For that, for audacious, courageous actions shining sunlight into the darkest places, Wikileaks, and Julian Assange, deserve our support. But we should not be here just for passive support, we should also learn and actively work together ourselves.
In 2007, as Julian, I and others laid the foundations for Wikileaks, Julian wrote the following, expressing some of our hopes and motivations:

“Every time we witness an injustice and do not act, we train our character to be passive in its presence and thereby eventually lose all ability to defend ourselves and those we love. In a modern economy it is impossible to seal oneself off from injustice.
If we have brains or courage, then we are blessed and called on not to frit these qualities away, standing agape at the ideas of others, winning pissing contests, improving the efficiencies of the neocorporate state, or immersing ourselves in obscuranta, but rather to prove the vigor of our talents against the strongest opponents of love we can find.
If we can only live once, then let it be a daring adventure that draws on all our powers. Let it be with similar types whose hearts and heads we may be proud of. Let our grandchildren delight to find the start of our stories in their ears but the endings all around in their wandering eyes.”

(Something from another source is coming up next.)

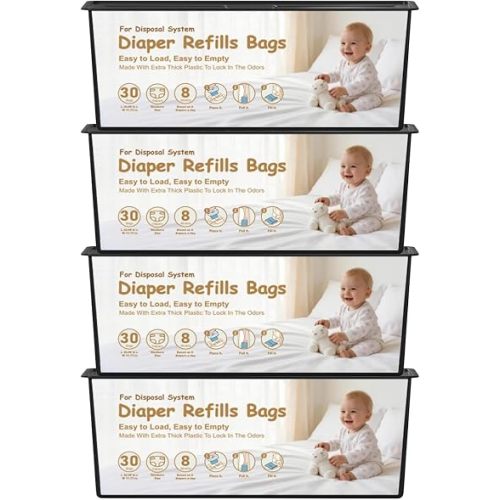 120 Bags Diaper Pail Refills Bags Compatible with Genie Easy Roll Signature & Platinum Diaper Pails,Each 30 Bags Holds Up to 1410 Newborn Diapers,7-Layer Odor-Barrier Technology (4 Pack)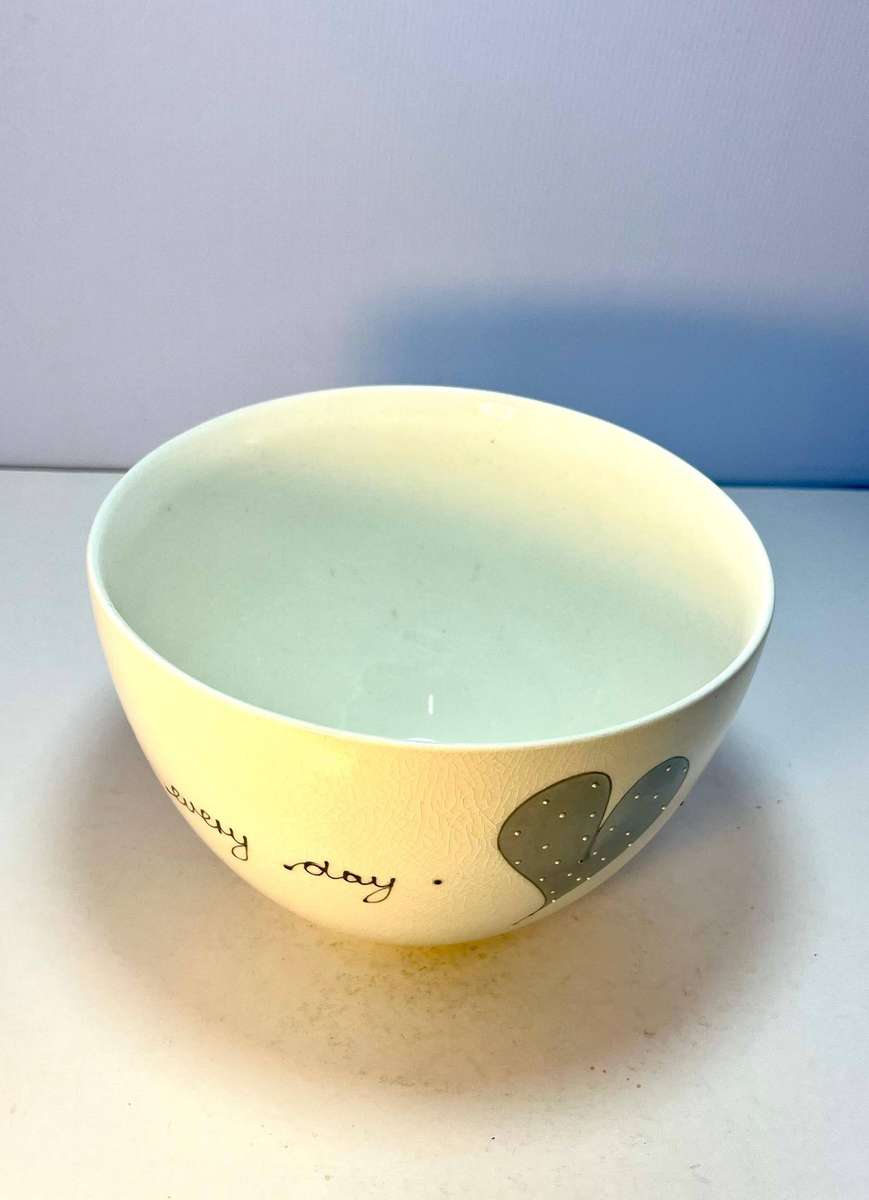 Urchin Art Heart & Words Grey Salad Bowl  Handcrafted Love from Cape Town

As Julian wrote, who we are, what we see, all our social conditions, are a product of their own history. We are products of our history. Wikileaks has opened up that history. And when we can see that, when we can see how things came to be, we can ask what is really necessary and what we would like to change. We can then make our own history. Most of our social institutions are historically young. They can be remade, and perhaps they should be.
But Julian’s adventure has taken him, at this moment, to a critical juncture. Much rests upon the actions of the governments of Australia and Ecuador, and that in turn rests upon the political pressure that people can bring to bear on them.

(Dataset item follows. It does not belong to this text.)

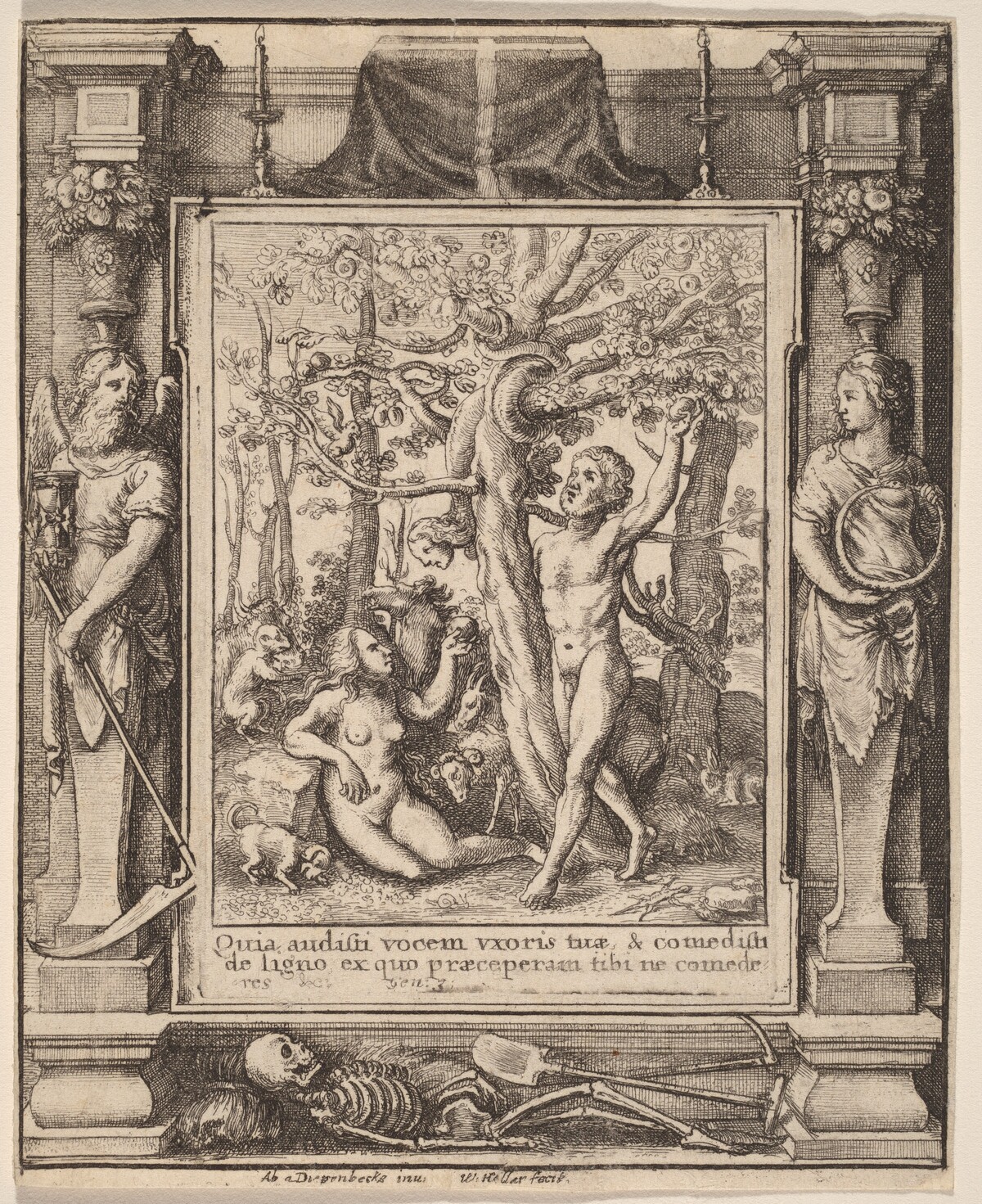 Garden of Eden by Wenceslaus Hollar after Hans Holbein the Younger after Abraham van Diepenbeeck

So let us support Wikileaks, let us support Julian and his crucially important journalistic work. Let us demand the Australian government behave like any government should and protect its own citizens. Let us urge Rafael Correa and the people of Ecuador to make their own daring adventure, to take a position for justice, to take courage and stand firm – for hell hath no fury like a great power scorned. And let the people of Australia affirm their solidarity with the people of Ecuador in the cause of justice, freedom and transparency. Let us assure them that their courage will be contagious.
And to all of us: let us create our own daring exploits. Let us win over the opponents of love. In Australia there is no shortage of opponents of love. There is no love in extending the methods of 19th century colonialism against the indigenous peoples of the Northern Territory and rightful owners of this country. There is no love in turning away boats full of refugees in breach of the solemn duty of non-refoulement in international law. There is no love in the bombing of Afghanistan. There is no love in carbon emissions producing a 4-degree warmer world. There is no love in consumer capitalism. And of course there is no love in abandoning Julian Assange with specious talk of empty “consular assistance”.
There are many opponents of love. There is much to do. So let us express our support of Julian Assange, and let us follow his advice, and let each of us start our own story which begins with our own actions and ends in a world we can bequeath without shame to our children and their children after them.